Лежу вся мокрая от пота, прямо брызжет из меня пот. Мочу себе водой губы. Пить хочу страсть, реку бы выпила. А не даю себе воли, боюсь. Не знаю, можно ли. Терплю, токо охаю.
Измучилась, сказать тебе не могу как. До чего не дотронусь, криком кричу от боли. Будто вся в ранах.
И тянется, тянется, конца-края не видать. А тут вдруг, чуть солнце зашло, не успела я и глазом моргнуть, раз, раз, все и кончилось. Видать, бог приходит бабам на подмогу. Как приперло, да сильнее, чем прежде, натужилась я что было мочи, и мой сын-богатырь тут как тут. Глянула, а он в крови да слизи барахтается у меня промеж ног.
Вот тут-то я и разревелась.
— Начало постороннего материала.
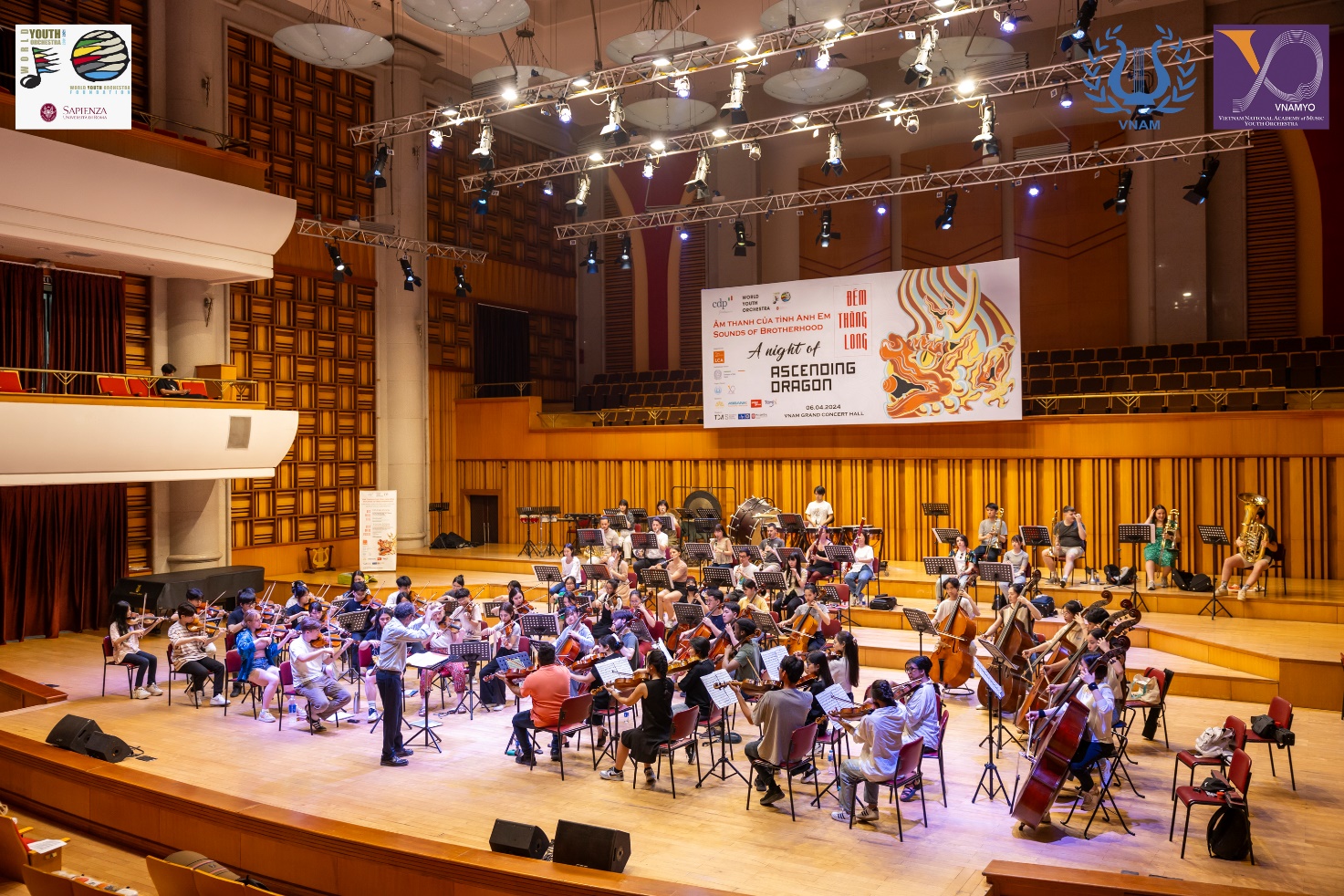 ABBank đồng hành cùng dàn nhạc giao hưởng trẻ thế giới lưu diễn tại Việt Nam - Ảnh 2.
Ни в поле, ни здесь слезинки не проронила, а теперича ревмя заревела.
Как увидела его, замаранного да пригоженького, — слезы глаза застили, ничегошеньки не разгляжу. А он роток открыл и болтает ручонками.
Справилась, думаю, и сама, без этой суки. Туды ее растуды, плевать я на ее хотела. На черта мне эта ведьма сдалась!
Никогда я ишо так не радовалась!
Крою старуху на все корки, но тут же смекаю, что без ей-то не обойтись мне. Ей положено первой приттить. Она должна ребенка принять, а коли уж случилось, что не приняла, не пожелала принять, она должна первой младенца увидеть и одарить. Серп принести и отделить ребенка, пуповину пересечь. Обычай такой. Как ни крути, без ей не обойтись.
Но мне и думать про ее неохота. Положено так, и ладно, пропади она пропадом. Все, кончилась она для меня. Есть у меня свой сын. Сама его родила, и сама себе буду хозяйка. Боле не будет она на меня орать да кулаками махать. Не дамся. Никому не дамся.
Передвинулась малость, обтерлась как сумела. И опять на сыночка свого гляжу. А он — пригоженький, ладненький! Господи, до чего хорош!
Я и его обтерла старой кацавейкой, что под себя подложила. Темечко вытерла, глазки ослобонила. Из носа да ушей слизь вынула. Обихаживаю его, будто он сейчас у меня песни играть станет. И думать не думаю, что надобно еще что сделать.
И вот на радостях да с устатку я, верно, малость задремала. Встала-то в то утро до зари, весь день на солнце жарилась, кукурузу на сносях окапывала; пока рожала, намаялась; видать, и вправду чуток задремала.